Don't Buy Tax Lien Certificates Unless You've Done Your
Homework!
I went to a tax sale in an out of the way rural municipality in
New Jersey. Unlike most of the tax sales in New Jersey this sale
was poorly attended. New Jersey is a very competitive state for
tax lien investing so this was an uncommon event. Most serious
bidders arrive an hour before the sale starts. At first, I was
pleased to see, with less than an hour to go before the sale,
that there was only one other bidder there. Then I did my
research on the properties that were left in the sale and I
discovered why other investors didn't bother with this sale. Out
of the thirteen properties that were left in the sale, there was
only one decent property. All of the other properties were
vacant land and when I looked on the tax maps and checked with
the zoning department (this is why I arrive at the sale an hour
early) I found out that none of these properties were build-able
lots. Most of them were land locked and none of them were large
enough to build on, even though one parcel was a three-acre lot.

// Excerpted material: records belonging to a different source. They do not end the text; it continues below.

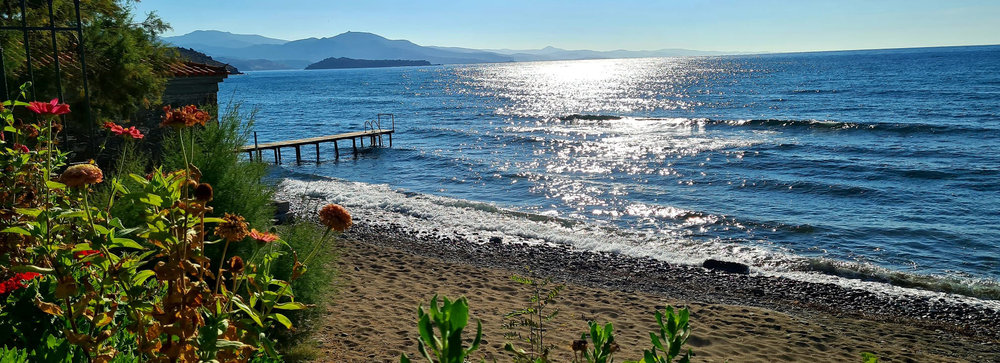 Villas on Lovely Lesvos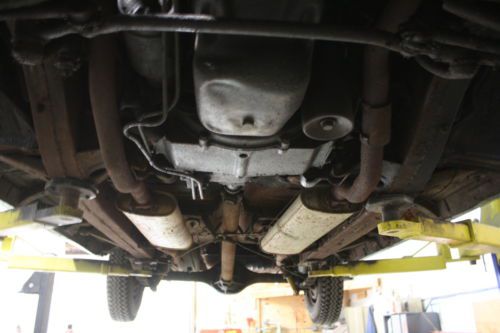 1956 CHEVY BELL AIR 265 POWER PACK HARD TOP, image 61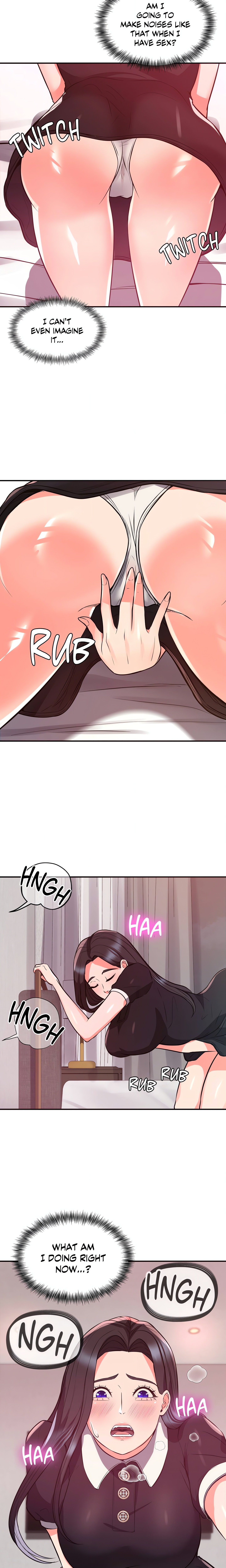 My Pillow Business Begins! Chapter 21 - Manhwa18.com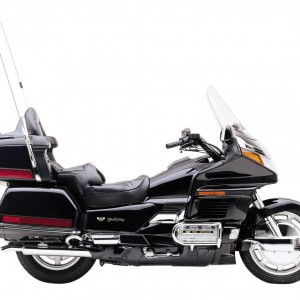 1997 honda gl1500se-gold-wing-se photo
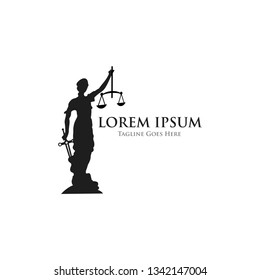 Law Firm Logo vector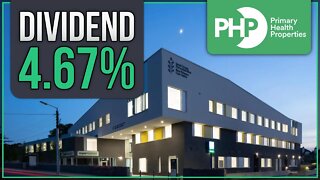 PRIMARY HEALTH Properties | Healthcare REIT | UK Dividend Stock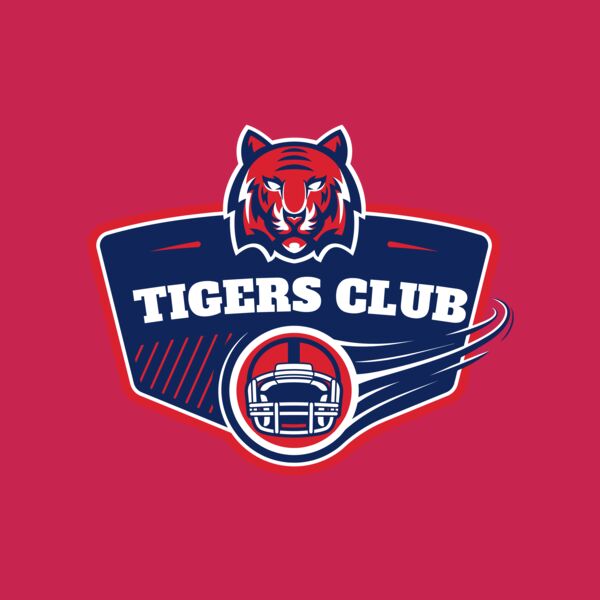 American Football Tigers 01 Thumbnail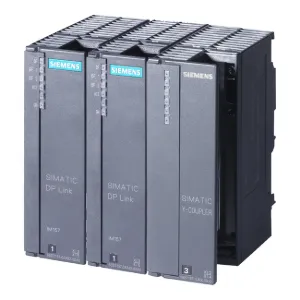 SIMATIC S7-400H, Y-LINK FOR CONNECTING SINGLE-CHANNEL DP SLAVES TO S7-400H AND AS 410H
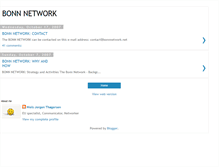 Tablet Screenshot of bonn-network.blogspot.com
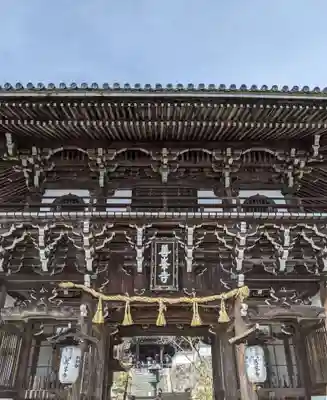 善峯寺(京都府)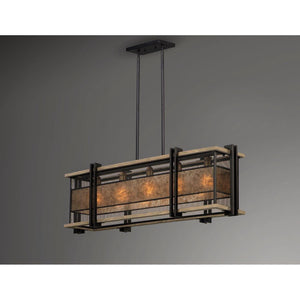 Maxim Lighting - Boundry Linear Suspension - Lights Canada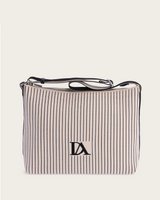 Sac bandoulière femme Ayia - Beige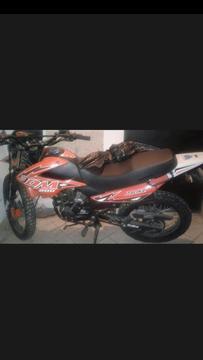 Vendo Moto Italika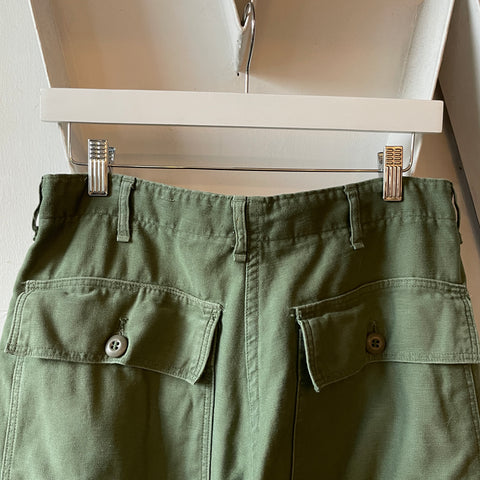 70’s OG-107 Pants - 29” x 28”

Since the other bidder there was a professional bidding for an
institutional investor, I decided not to bid on any of the
properties in the sale. I knew that if I bid on the one property
that had a house on it, the professional bidder would bid high
premium for it, so I decided not to bid him down and not to bid
on any of the other properties since they wouldn't be
profitable. I stayed around to see what would happen at the sale.
About fifteen minutes before the sale three other bidders
arrived. These investors were new to tax lien sales and did not
really know anything about them. They asked the tax collector a
few questions before the sale and indicated that they really
weren't there to bid but intended to watch since this was their
first sale. When the sale began the tax collector let us know
which properties had prior liens. Four of the undesirable
properties had prior liens. I was not surprised and this just
confirmed my suspicions that these properties were not worth
bidding on. If they were, then the prior lien holder would have
been there to bid on them, or would have paid the subsequent
taxes and prevented them from being included in the tax sale.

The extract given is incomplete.